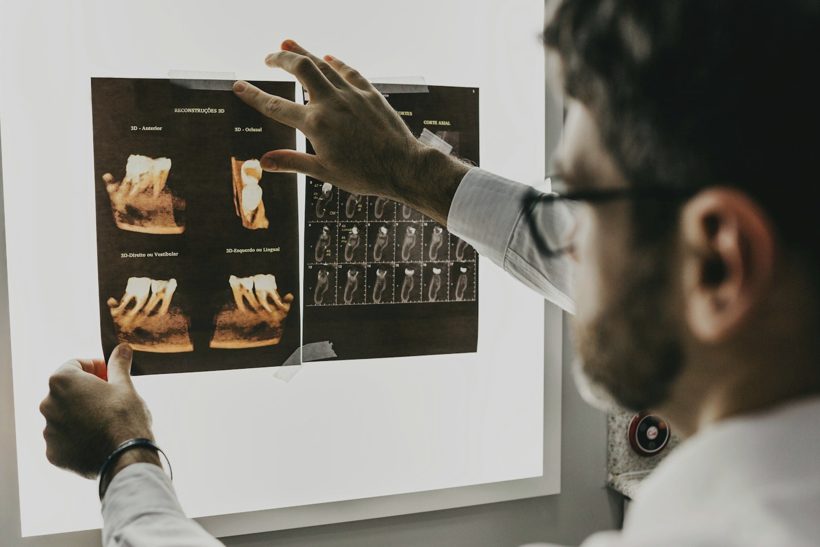 Prótese dentária e protocolo fixo sobre implantes na Odontoclinic Campo Limpo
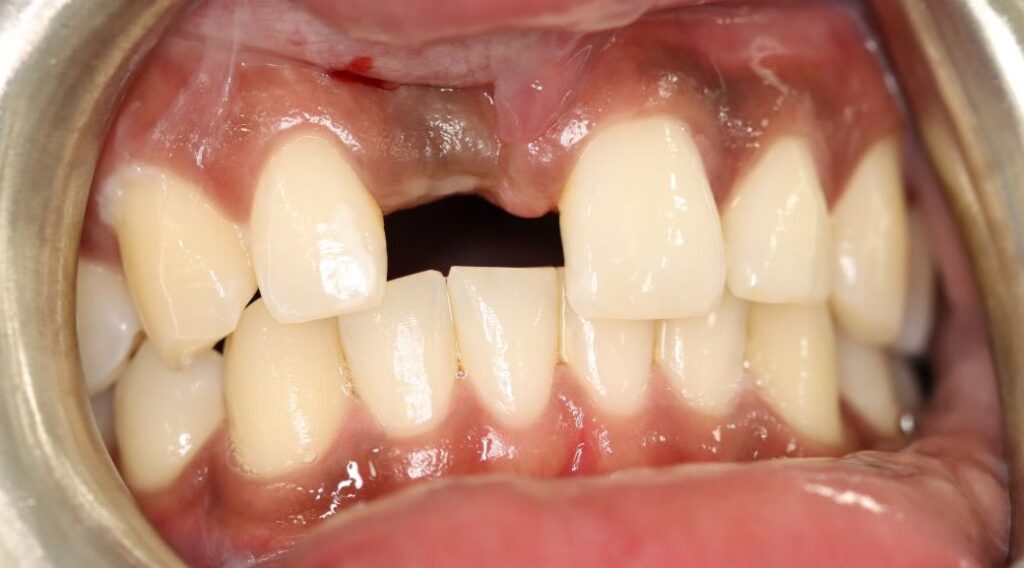 Missing upper front tooth before dental implant restoration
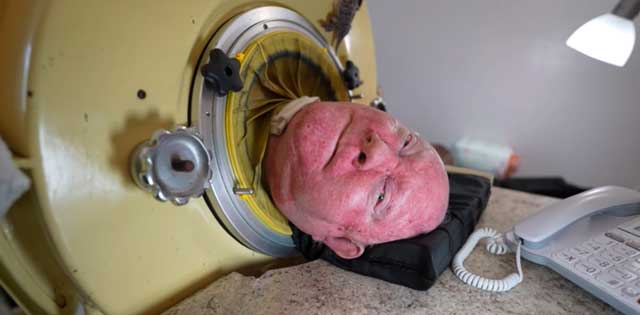 76-year-old man who paralyzed from polio at 6, is one of the last people with an iron lung—‘My life is incredible’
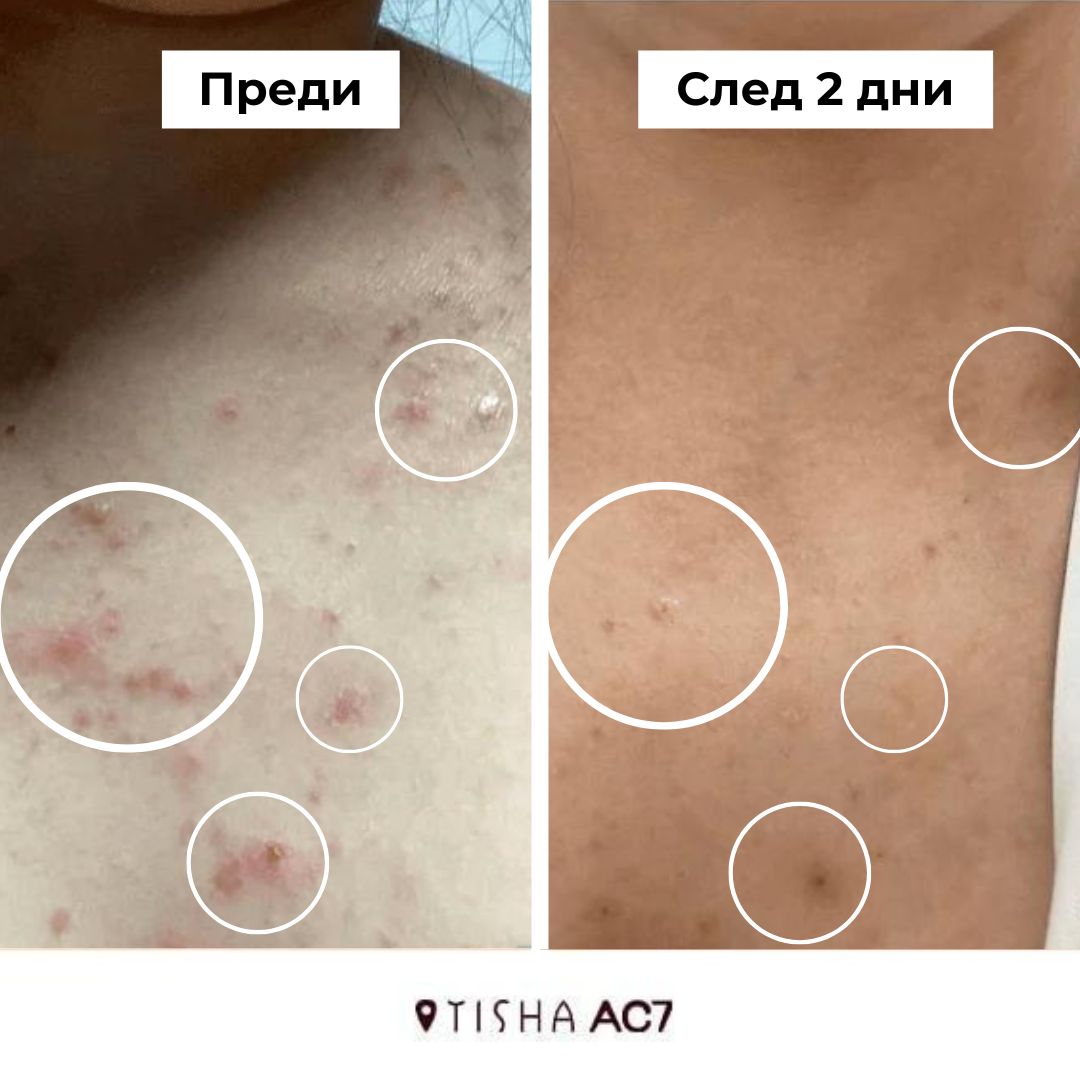 Крем за акне Dr. Tisha AC7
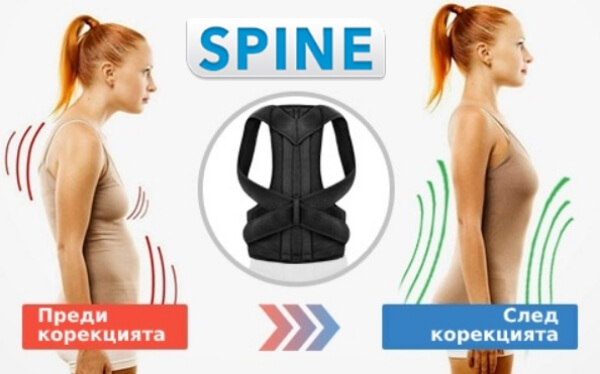 Spine Магнитен Коректор - Мнения и Коментари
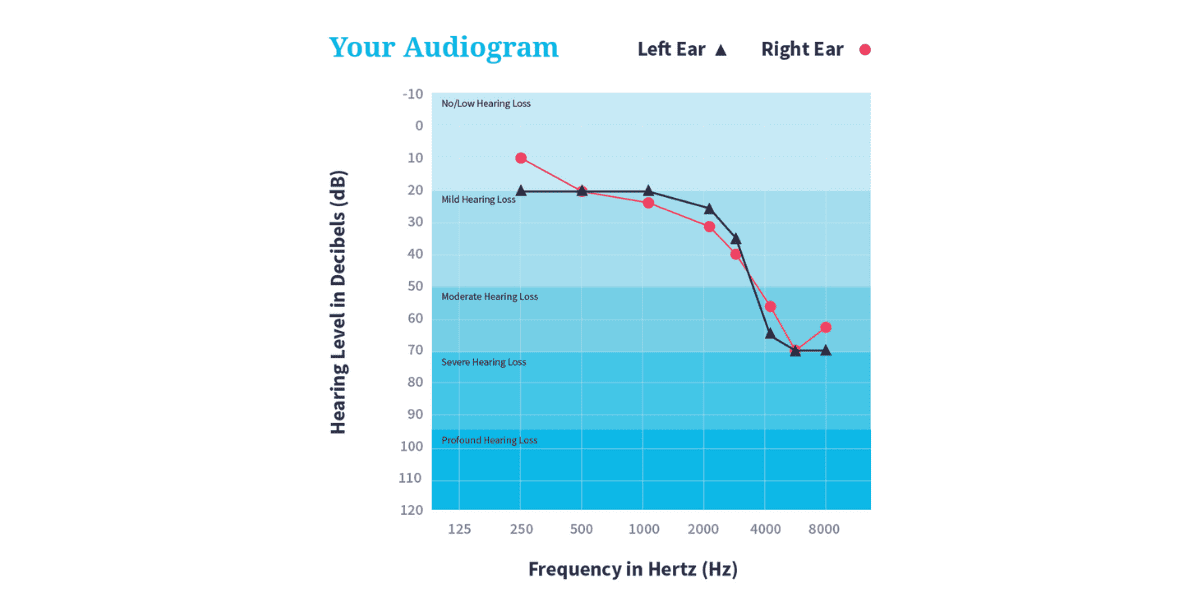 A Beginner's Guide to Your Hearing Test Results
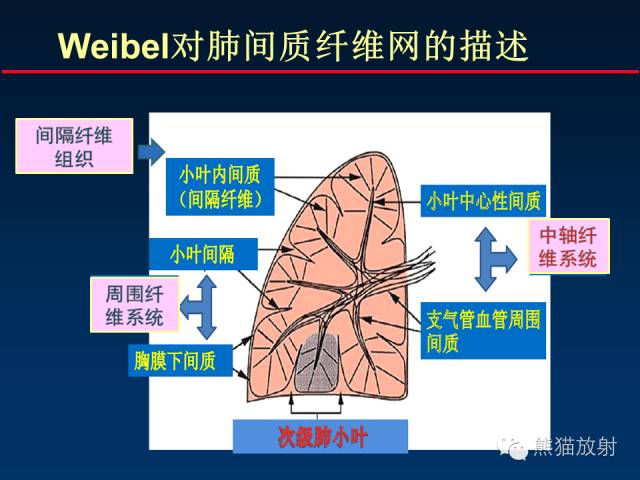 【PPT】肺内间质改变的基本CT征象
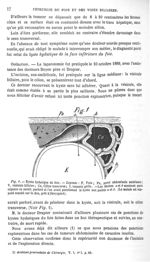 Fig. 1. Kyste hydatique du foie - Quelques opérations sur le foie et les voies biliaires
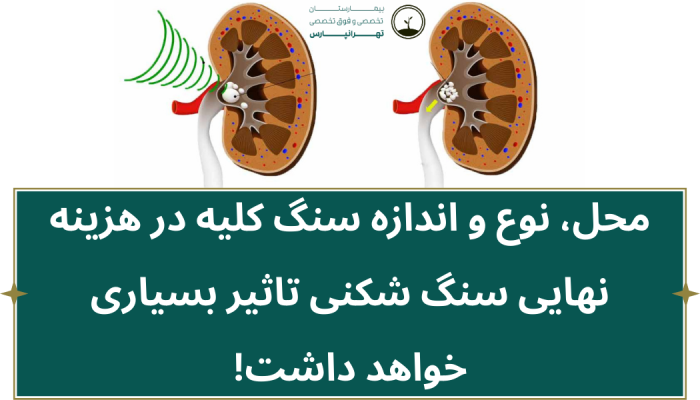 هزینه سنگ شکن کلیه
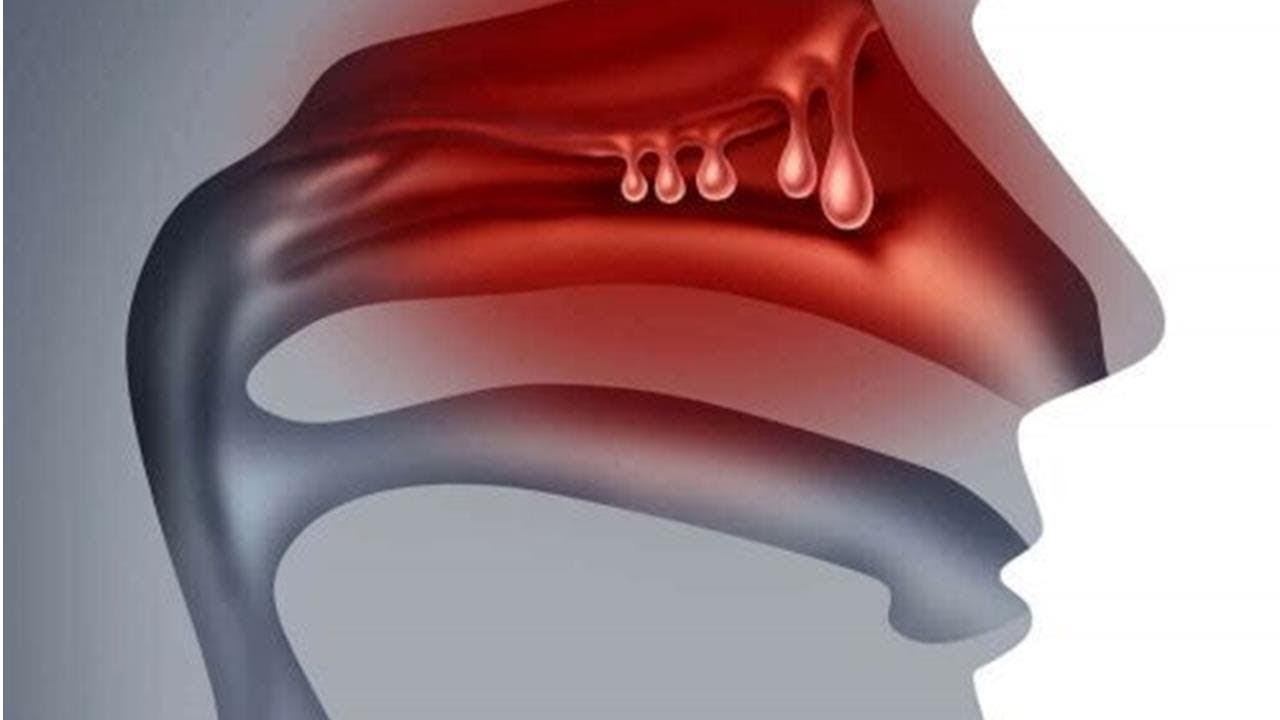 Острый ринит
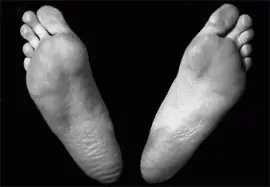 ¿Por qué huelen los pies?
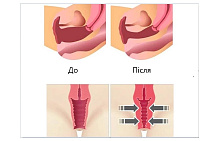 Синдром вагинальной релаксации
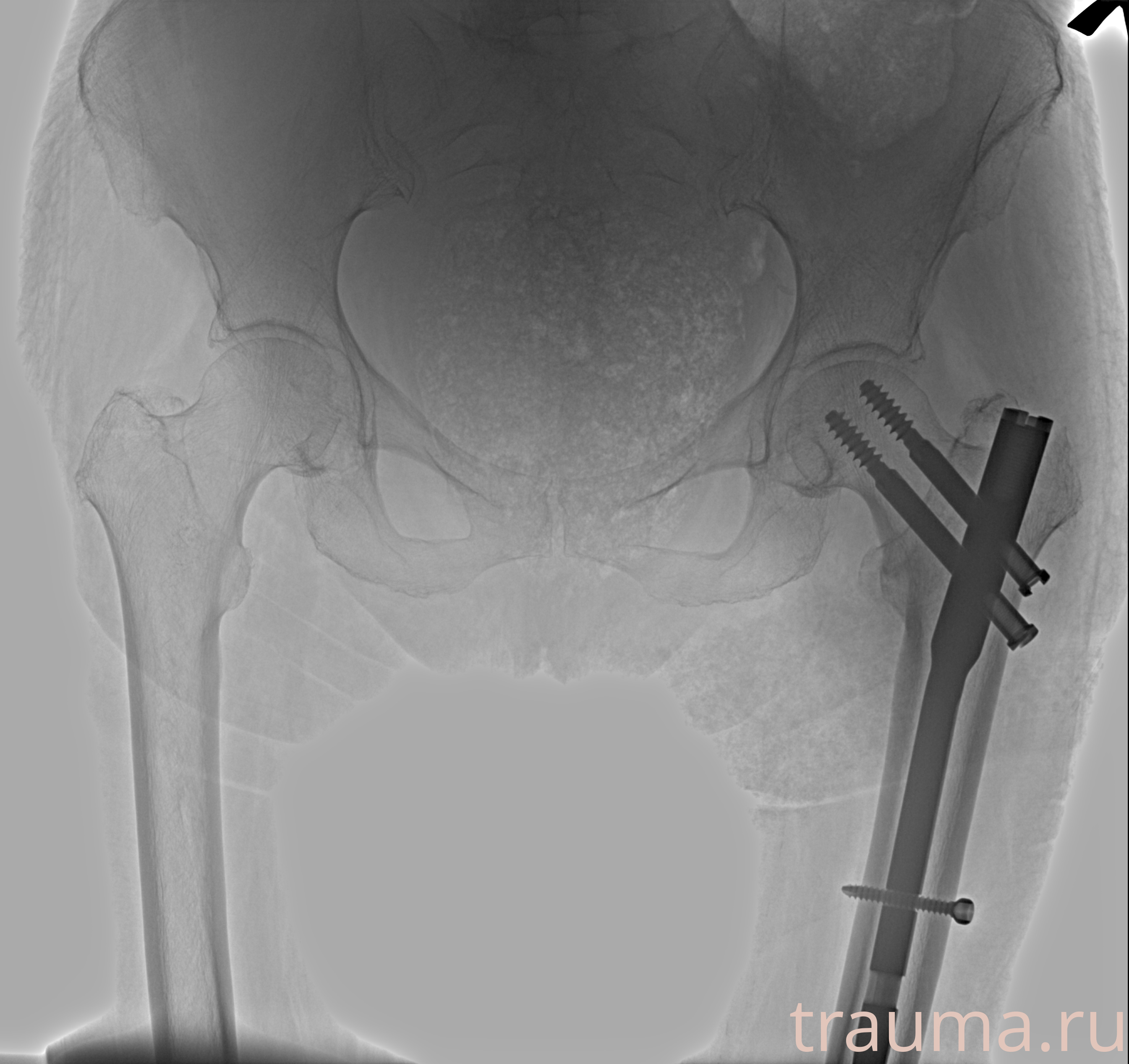 Рентген на дому: по вашему адресу приезжает врач-рентгенолог, травматолог-ортопед с мобильным рентгеновским аппаратом, проводит диагностику травмы или заболевания, делает необходимые рентгенограммы, дает рекомендации по дальнейшему лечению. Получить качественные снимки в домашних условиях возможно благодаря уникальной методике, разработанной МосРентген Центром для института  Склифосовского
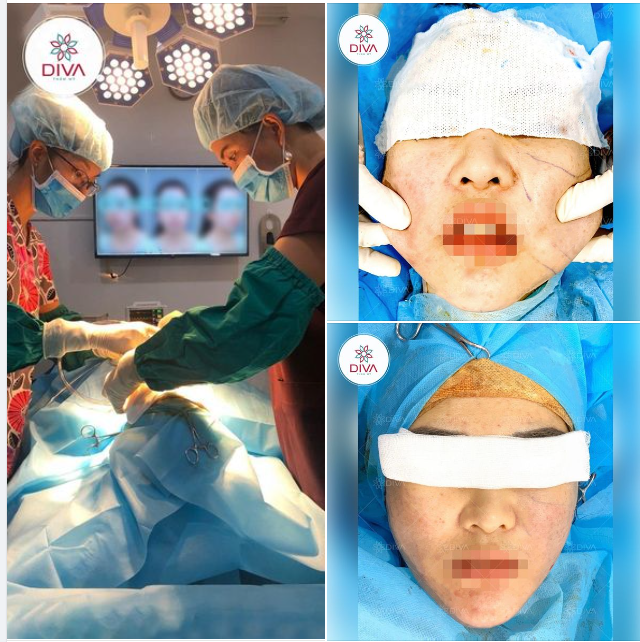 SAU GIẢM MỠ MẶT - GƯƠNG MẶT NHẸ NHÀNG, THON GỌN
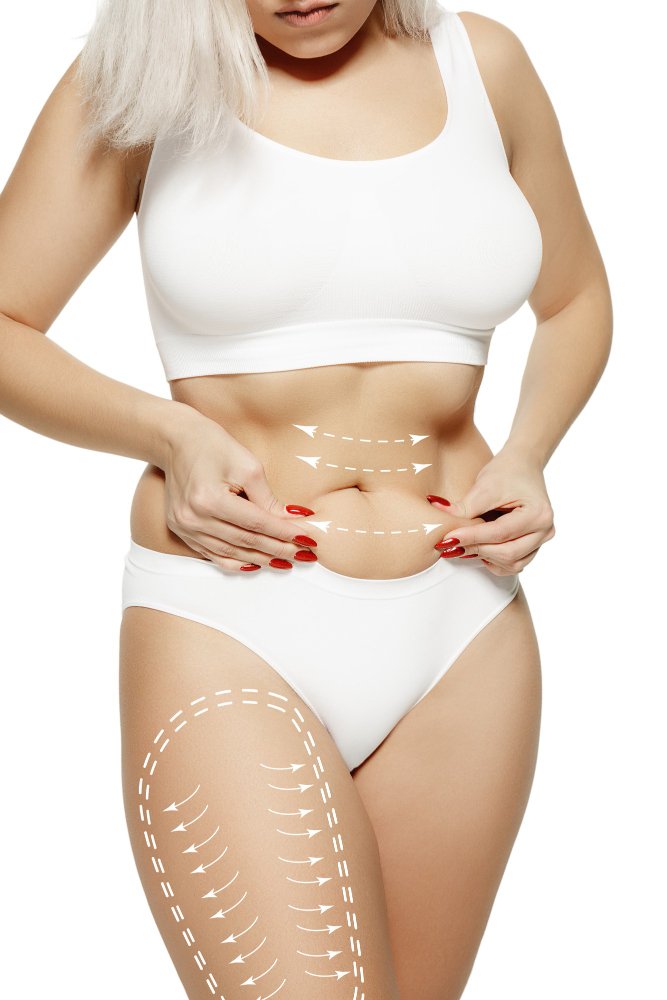 Хирург Cayra Clinic проводит лазерную липосакцию SmartLipo в Анталье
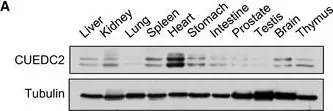Fig.1.A showing Western Blotting in a Mus musculus (House mouse) sample from the publication: CUEDC2 modulates cardiomyocyte oxidative capacity by regulating GPX1 stability.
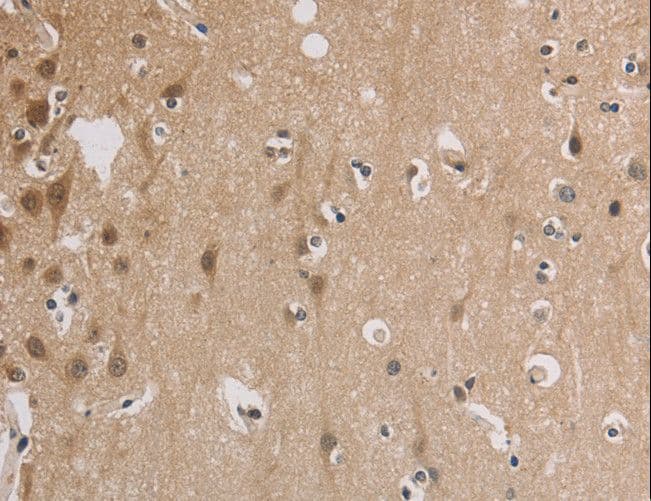 ELOVL1 Antibody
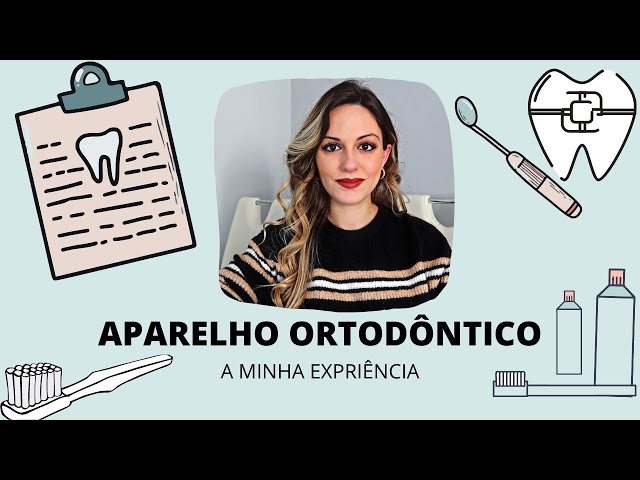 A MINHA EXPERIÊNCIA COM O APARELHO ORTODÔNTICO CONVENCIONAL CLÁSSICO FIXO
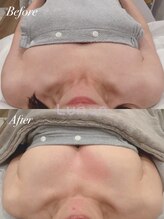 ルノン(Lunon)/【50代・ハリ＆弾力】バストケア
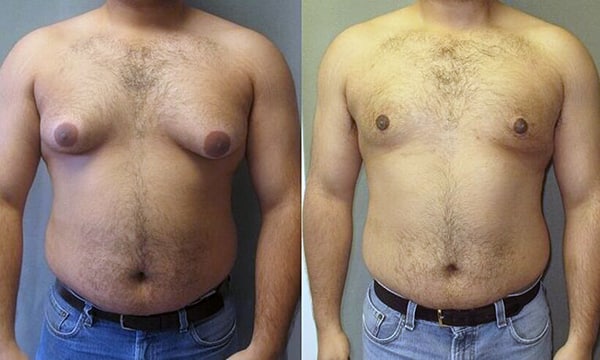 Ginecomastia: Entenda a Diferença entre a Verdadeira e a Pseudoginecomastia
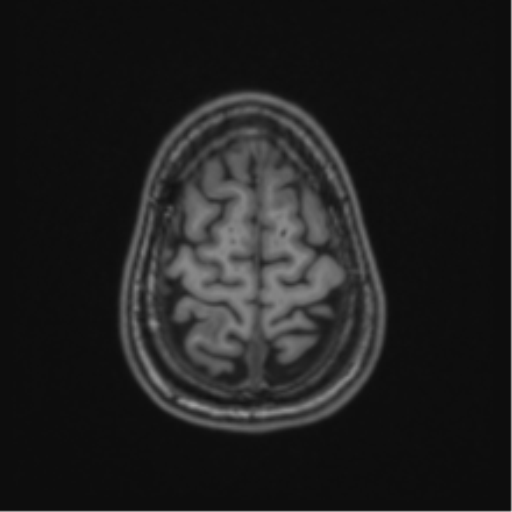 Acute disseminated encephalomyelitis (ADEM) (Radiopaedia 65319-74349 Axial T1 60).png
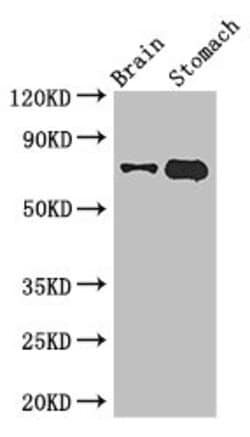 Invitrogen EXD2 Polyclonal Antibody 100 &mu;g | Buy Online | Invitrogen&trade; | Fisher Scientific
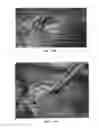 Fig. 49 - Trans-catheter ventricular reconstruction structures, methods, and systems for treatment of congestive heart failure and other conditions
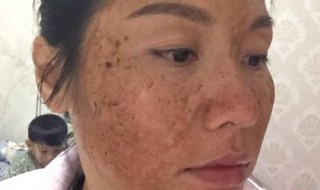 排黑色素的简单方法 排黑色素的简单方法是什么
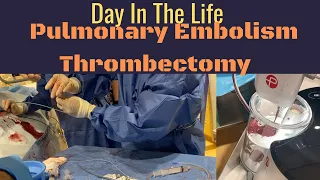 Interventional Radiology - Day in the Life - Episode 2 - PE Thrombectomy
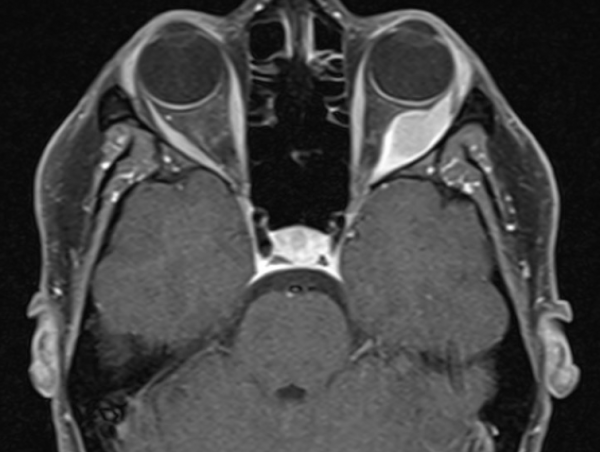 Orbital Granular Cell Tumor - EyeWiki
--
Problem to solve
Print the lines from the beginning of the records up to and including the line containing "Крем за акне Dr. Tisha AC7", word for word, with no pictures.

Finished exercise
 Prótese dentária e protocolo fixo sobre implantes na Odontoclinic Campo Limpo
 Missing upper front tooth before dental implant restoration
 76-year-old man who paralyzed from polio at 6, is one of the last people with an iron lung—‘My life is incredible’
 Крем за акне Dr. Tisha AC7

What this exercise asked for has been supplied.